Michelle Nasles, productrice et membre du Conseil d'administration du Syndicat des coteaux d'Aix-en-Provence, a exprimé la "grande satisfaction" de la profession: "La mobilisation générale de la profession a porté ses fruits. Pourtant au départ, on n'était pas persuadé qu'on allait être entendu".
"La quasi unanimité de tous les producteurs français a fait changer Mme Mariann Fischer Boel (commissaire européenne à l'Agriculture, ndlr), a commenté Mme Nasles à l'AFP. Le contexte, aussi, était favorable à l'approche des européennes. Nous étions sous le feu des projecteurs".
"Alors que l'on a une certaine tradition et un savoir-faire pour produire du rosé, on allait en faire une pâle copie. Cette nouvelle (du renoncement de la Commission, ndlr) nous a fait grand plaisir. On ne s'est pas battu pour rien", a-t-elle dit.
Pour Jean-Jacques Bréban, président du Comité interprofessionnel des vins de Provence (CIVP) qui réunit négociants et producteurs, "c'est réconfortant de voir que le bon sens l'emporte". "On a bien travaillé tous ensemble, ça a été plus rapide que prévu puisqu'on attendait une décision fin juin", a-t-il souligné.
Sylvain Audemard, président des Jeunes agriculteurs du Var, a salué la victoire de "l'Europe des terroirs, des hommes et du savoir-faire contre l'Europe de l'argent". "On est très contents dans la région, on a gagné, on va continuer le combat dans ce sens-là. On sait faire du vin depuis 2.500 ans et ce ne sont pas les pays du Nouveau monde qui vont nous apprendre les pratiques oenologiques, c'est notre pratique qui doit primer", a-t-il déclaré.
Dans la méthode traditionnelle de la macération, la couleur "rosée" du vin résulte de la durée de contact entre le jus de raisin et la peau des grains de raisin. Selon l'Association générale de la production viticole (AGPV), 90% des vins rosés dans le monde sont produits selon cette méthode.

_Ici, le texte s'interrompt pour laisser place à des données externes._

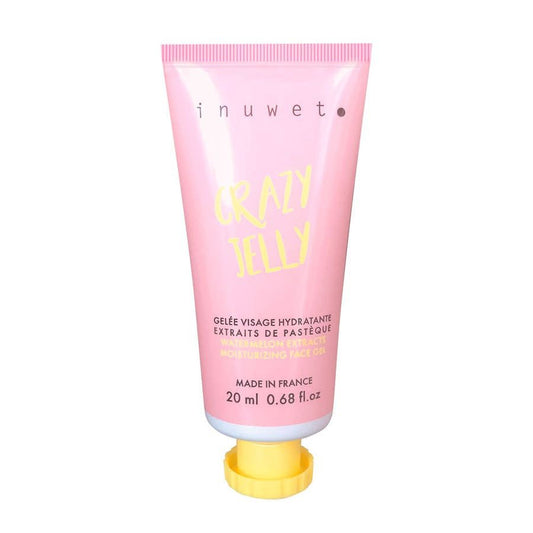Inuwet Travel Size Crazy Jelly Natural Moisturizing Gel Face Rose Watermelon Perfumes 20ml (0.67fl oz) - FrenchBeautyHub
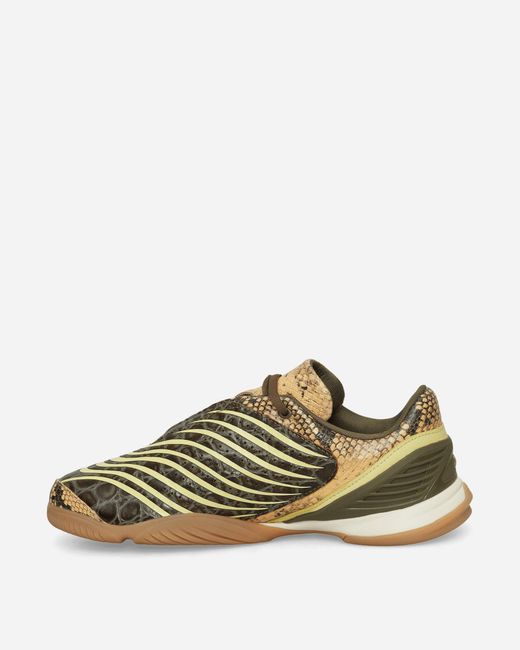 Adidas Green Slam Jam F50.7 Sala C5 Consortium Sneakers Powder / St Fade Ocean / Dark Cargo for men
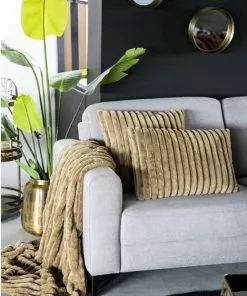 Torkkupeitto Wuzzy 210096 Gold 9 Torkkupeitto Wuzzy 210096 Gold -Huonekalu kauppa torkkupeitto okra wuzzy sisustus 2 1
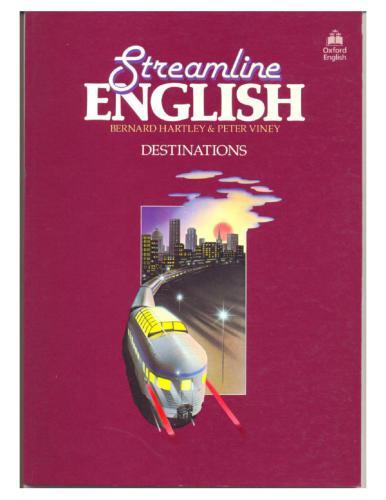 Streamline English - 3. Destinations. Student's book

"On est contre des dérives vers le vin standardisé et industriel. Les pays du Nouveau monde veulent faire du commerce et de l'argent. Nous, on a de petites exploitations familiales mais un terroir et un savoir-faire. C'est le modèle agricole français qui est en jeu", a ajouté M. Audemard.
Pour Paul Bernard, président des vignerons indépendants du Var, la décision de la Commission est "une surprise", "on ne s'y attendait pas", a-t-il indiqué à l'issue d'une réunion de travail sur le coupage du rosé à Brignoles, lundi matin, en présence de vignerons indépendants, vignerons coopérateurs, chambres d'agriculture du Var et régionale, FDSEA et CIVP.
"Il y a de la joie, c'est sûr, mais à titre personnel une certaine prudence, Tout le monde nous donnait perdant. On continue à rester attentif car le coup est passé près. On ne veut plus avoir de surprise comme on en a eu en janvier. Il y a d'autres combats à mener. La viticulture continue à rester unie".